All the more reason for SNFs to look for ways to improve their hospital readmission rates and avoid the associated costs in 2019. You can start by focusing on patient engagement, evaluating social determinants, follow-up calls, and staff competencies.

 

1. Patient Engagement

Patients and their loved ones are oftentimes faced with uncertainty when it comes time to leave the safety net of an SNF. Rather than overwhelm them with instructions and information on the day of discharge, start a discharge plan and educate your patients throughout their stay. On the day of discharge, spend adequate time thoroughly reviewing instructions and confirm the patient and their caretaker both understand. An extra hour spent during discharge is significantly less expensive than a hospital readmission a week down the road.

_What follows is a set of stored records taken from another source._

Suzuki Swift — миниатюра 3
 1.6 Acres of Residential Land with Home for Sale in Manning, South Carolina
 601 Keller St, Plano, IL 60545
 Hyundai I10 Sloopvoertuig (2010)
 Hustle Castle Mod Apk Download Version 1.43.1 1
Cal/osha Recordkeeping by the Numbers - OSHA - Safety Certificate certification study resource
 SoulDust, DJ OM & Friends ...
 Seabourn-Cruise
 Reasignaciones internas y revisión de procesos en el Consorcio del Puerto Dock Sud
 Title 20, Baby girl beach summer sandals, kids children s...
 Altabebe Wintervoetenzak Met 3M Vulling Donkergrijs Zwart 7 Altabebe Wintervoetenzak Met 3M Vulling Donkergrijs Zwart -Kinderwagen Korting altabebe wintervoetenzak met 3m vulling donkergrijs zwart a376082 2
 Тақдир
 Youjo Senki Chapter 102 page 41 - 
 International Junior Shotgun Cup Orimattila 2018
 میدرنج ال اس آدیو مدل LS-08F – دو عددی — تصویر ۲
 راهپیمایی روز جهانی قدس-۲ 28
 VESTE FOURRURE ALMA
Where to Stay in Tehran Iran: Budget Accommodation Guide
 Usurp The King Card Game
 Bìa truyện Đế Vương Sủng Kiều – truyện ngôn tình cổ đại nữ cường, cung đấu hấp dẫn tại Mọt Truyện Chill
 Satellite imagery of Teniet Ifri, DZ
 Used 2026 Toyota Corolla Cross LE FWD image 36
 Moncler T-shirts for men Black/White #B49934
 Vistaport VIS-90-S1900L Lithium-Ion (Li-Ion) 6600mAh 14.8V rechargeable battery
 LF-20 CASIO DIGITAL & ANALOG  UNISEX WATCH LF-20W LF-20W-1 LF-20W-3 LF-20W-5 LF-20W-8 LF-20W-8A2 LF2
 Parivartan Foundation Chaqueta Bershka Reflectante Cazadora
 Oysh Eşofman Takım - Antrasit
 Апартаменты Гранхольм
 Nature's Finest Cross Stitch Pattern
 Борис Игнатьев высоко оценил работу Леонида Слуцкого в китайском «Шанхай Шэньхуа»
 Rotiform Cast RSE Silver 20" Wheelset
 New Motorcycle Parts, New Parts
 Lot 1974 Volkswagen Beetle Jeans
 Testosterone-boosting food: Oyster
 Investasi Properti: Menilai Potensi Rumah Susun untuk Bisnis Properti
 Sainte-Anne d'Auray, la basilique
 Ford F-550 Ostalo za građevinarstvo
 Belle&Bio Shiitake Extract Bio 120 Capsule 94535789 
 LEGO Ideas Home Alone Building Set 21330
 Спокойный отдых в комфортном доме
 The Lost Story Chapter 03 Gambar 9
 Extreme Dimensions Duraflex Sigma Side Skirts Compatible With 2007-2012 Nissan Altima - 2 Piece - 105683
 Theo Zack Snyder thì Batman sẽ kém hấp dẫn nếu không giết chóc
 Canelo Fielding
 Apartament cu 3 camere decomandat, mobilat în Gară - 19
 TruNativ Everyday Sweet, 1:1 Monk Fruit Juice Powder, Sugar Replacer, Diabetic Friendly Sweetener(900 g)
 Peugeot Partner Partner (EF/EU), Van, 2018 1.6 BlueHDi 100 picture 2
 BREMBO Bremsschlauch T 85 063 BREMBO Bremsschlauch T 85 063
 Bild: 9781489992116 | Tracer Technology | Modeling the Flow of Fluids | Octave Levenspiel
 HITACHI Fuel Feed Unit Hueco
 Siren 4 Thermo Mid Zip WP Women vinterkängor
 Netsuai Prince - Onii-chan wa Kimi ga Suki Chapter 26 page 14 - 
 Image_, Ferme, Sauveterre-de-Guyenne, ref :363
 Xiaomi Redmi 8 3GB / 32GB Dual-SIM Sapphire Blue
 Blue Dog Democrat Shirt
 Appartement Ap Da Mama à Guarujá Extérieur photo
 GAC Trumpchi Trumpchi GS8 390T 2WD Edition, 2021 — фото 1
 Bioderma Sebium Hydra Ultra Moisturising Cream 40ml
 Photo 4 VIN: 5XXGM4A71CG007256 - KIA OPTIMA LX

2. Evaluate Social Determinants

Social determinants—such as income, education level, living conditions, transportation access, and support networks—also play a significant role in hospital readmissions. Many experts say social determinants impact health more than medical status does. Screen for at-risk patients upon admission and then place resources where necessary to help with the social determinants.

3. Patient Follow-Up Calls

The period immediately following discharge is a vulnerable time for patients—one in which swift changes can occur. Following up with patients and their caregivers with a phone call soon after discharge can decrease confusion and reinforce follow-up plans. Post-discharge phone calls allow the SNF to identify and remedy any gaps that may pop up between admission and discharge. They also allow providers to emphasize key elements of the discharge instructions, medication changes, and follow-up plans. If you'd like to learn more about how Cortex can help you with your follow-up calls, contact us here.

4. Nursing Staff Competencies

Knowledge and competency are not the same things. Having a competent staff means they have knowledge and skills and are able to transfer both into intended and measurable outcomes. Without a competent staff, none of the aforementioned tactics can be accomplished to fidelity. Quality care is crucial to the success of an SNF, and having a competent staff is crucial for quality care.

Reducing avoidable hospital readmissions offers a significant opportunity to reduce cost and improve the patient experience simultaneously. SNFs can also realize a substantial return on investment as value-based reimbursement models reward them for keeping patients as healthy as possible. So this year, be sure to focus on patient engagement, evaluating social determinants, follow-up calls, and staff competencies. Then CMS fines will quickly be a thing of the past.